Zepeda, who had been trying to avoid the Mexican army draft, signed up with the revolution. Except for the captains and generals, he said, every soldier in his regiment was under 16.
He recalled a battle at Hicamole in the state of Coahuila, in which the revolutionaries defeated Gen. Rosalio Hernandez.
"We defeated him and on the very same hill on which Don Porfirio Diaz had cried" in a battle against the French, "Gen. Hernandez also cried," Zepeda said.
Carranza's forces, Zepeda said, fought a number of battles against Villa--who had earlier broken ranks with Carranza--until the armistice in 1914 in Jimenez, Chihuahua.
When the armistice was agreed to, Villa's and Carranza's men spent three days together in Jimenez and got along like brothers, as if they had never been fighting against each other, Zepeda said.

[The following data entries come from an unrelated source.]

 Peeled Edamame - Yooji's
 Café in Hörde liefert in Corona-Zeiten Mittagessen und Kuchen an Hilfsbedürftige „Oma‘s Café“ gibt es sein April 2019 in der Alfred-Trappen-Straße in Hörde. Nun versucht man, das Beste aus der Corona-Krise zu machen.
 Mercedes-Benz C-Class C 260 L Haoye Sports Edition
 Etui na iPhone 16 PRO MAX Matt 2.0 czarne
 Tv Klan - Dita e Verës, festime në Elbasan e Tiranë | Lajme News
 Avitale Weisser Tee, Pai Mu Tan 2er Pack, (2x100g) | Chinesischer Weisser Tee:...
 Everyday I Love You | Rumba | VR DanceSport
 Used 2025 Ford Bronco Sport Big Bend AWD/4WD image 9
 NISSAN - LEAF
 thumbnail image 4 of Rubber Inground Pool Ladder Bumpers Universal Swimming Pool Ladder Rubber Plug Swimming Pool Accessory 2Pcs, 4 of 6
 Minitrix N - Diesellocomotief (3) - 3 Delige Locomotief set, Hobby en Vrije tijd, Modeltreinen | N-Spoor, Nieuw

It was there, he said, where he met Villa, commenting that he believed he was a good man.
At that time, Villa was nursing a wounded leg, and American soldiers led by U.S. Army Gen. John J. Pershing came into Mexico hunting the famed fighter after Villa's raid on Columbus, N.M. But Pershing found neither Villa nor his men.

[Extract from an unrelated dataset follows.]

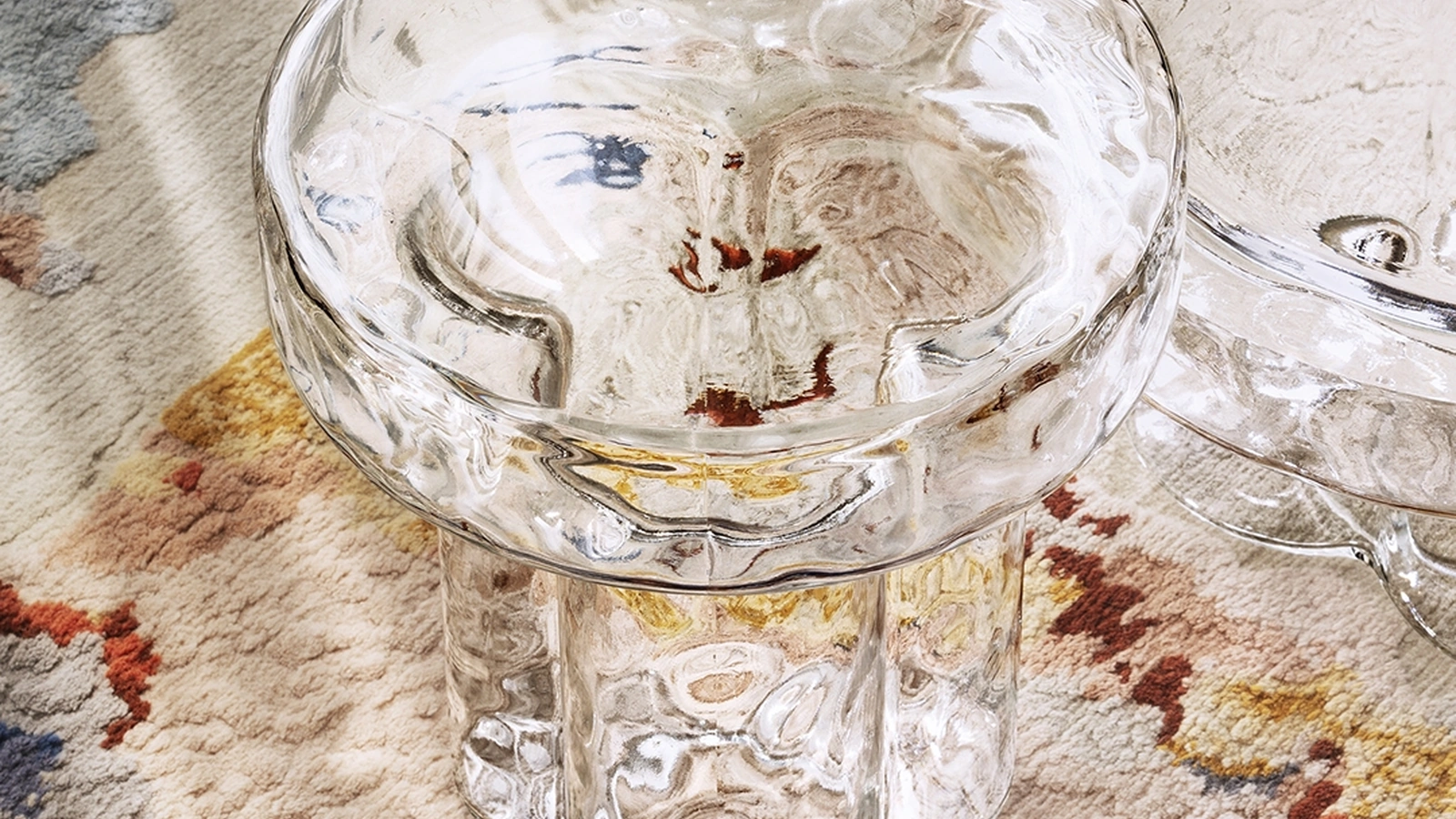 Tavolino Soda Iced di Miniforms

Everyone, Zepeda recalled, hated the U. S. soldiers. He said he heard stories that the \o7 tortilleras, \f7 the women who made tortillas, had even killed a few American soldiers.
Zepeda said proudly that he fought in the revolution for three years and eight months. He recalled how he was almost killed in battle: "I had just dismounted when a cannonball struck my horse, right below the saddle. The cannonball broke my horse's spine," killing his mount instantly.

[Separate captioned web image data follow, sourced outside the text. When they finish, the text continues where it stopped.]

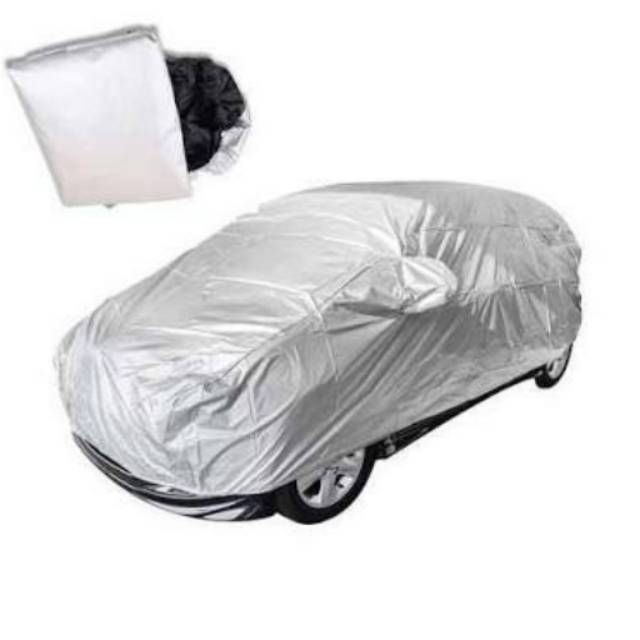 SARUNG COVER BODY MOBIL SEDAN PANJANG MAKS 455CM NO 7 VIOS BALENO CITY Z .  - SBV27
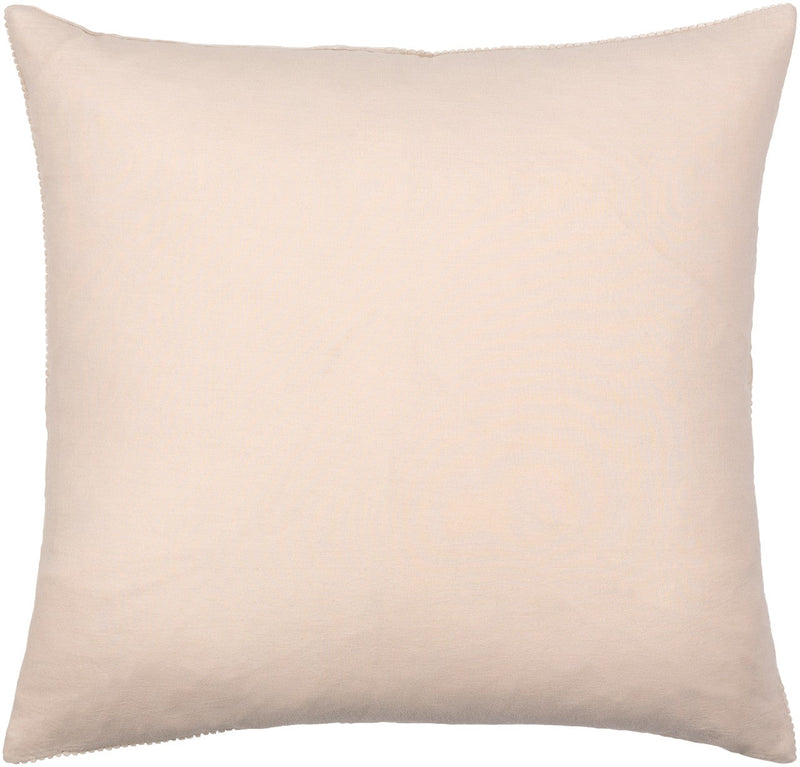 Keminmaa Light Beige Pillow Cover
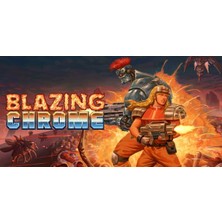 Blazing Chrome (Pc)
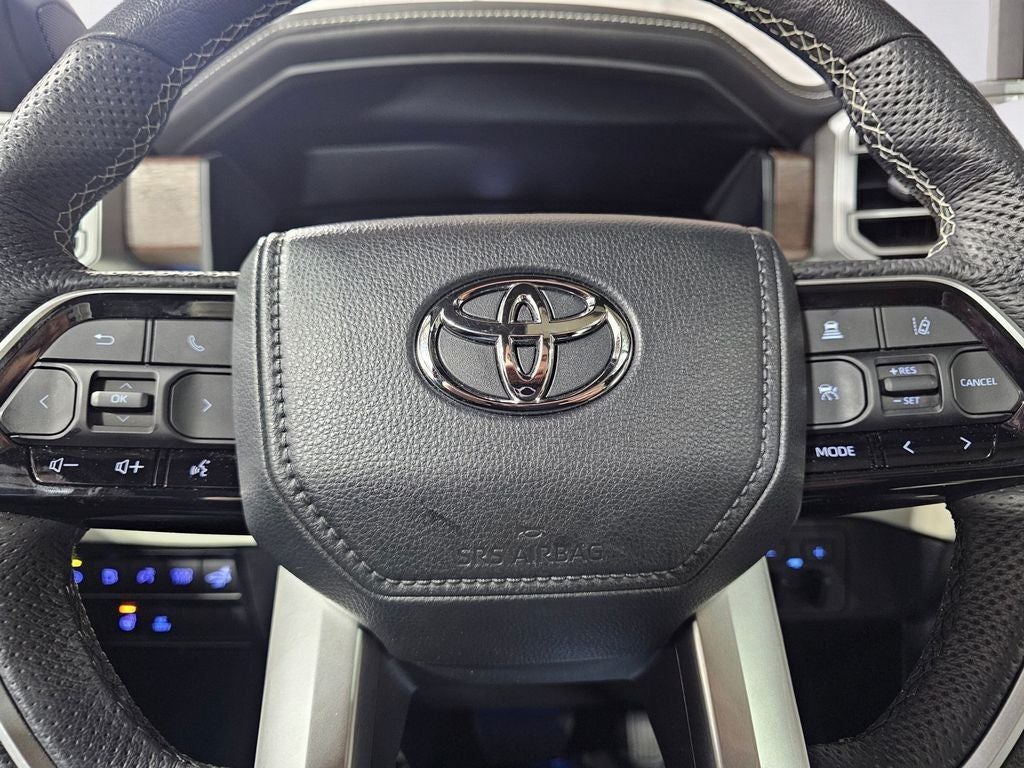 2024 Toyota Sequoia Capstone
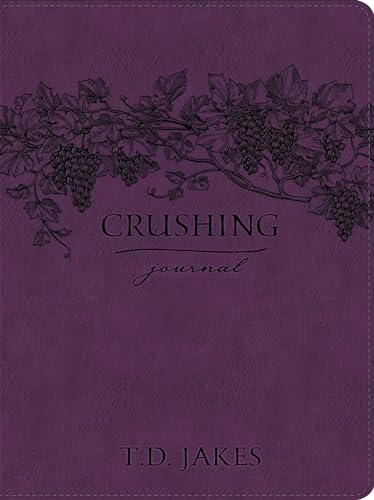 Crushing LeatherLuxe® Journal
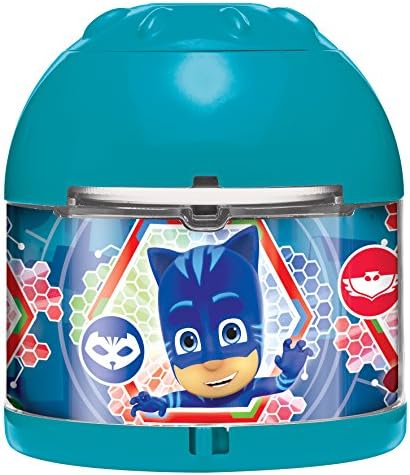 PJ Masks Projector Light, Acryl, Turquoise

As in all wars, Zepeda saw the loss of many men, including many of his friends. His stepfather, who had joined the revolution the same year as he, was killed in battle in Guadalajara, the same battle in which a future president, Alvaro Obregon, lost an arm.
Zepeda said that, after leaving Carranza's forces, he returned to Monterrey in northern Mexico with his family and moved on to Nuevo Laredo, Tex., in 1919. After a short stay there he settled in San Antonio, where he lived and worked as a painter for 35 years.
In 1954, he moved to Los Angeles, where one of his sons had settled, and has lived in the area ever since. He has been widowed four times and has only one surviving son. Zepeda had six children, all by his first wife.
He has not been back to Mexico in 50 years, but still prefers to speak in Spanish, even though he is bilingual. Zepeda said he regrets not writing about all the things he did and saw because, he repeated, "everything seems like a movie."
Zepeda said he hopes to live to be 100. And there is a good chance that he may reach his goal, since his mother, Juanita Bustamante, lived to be 102.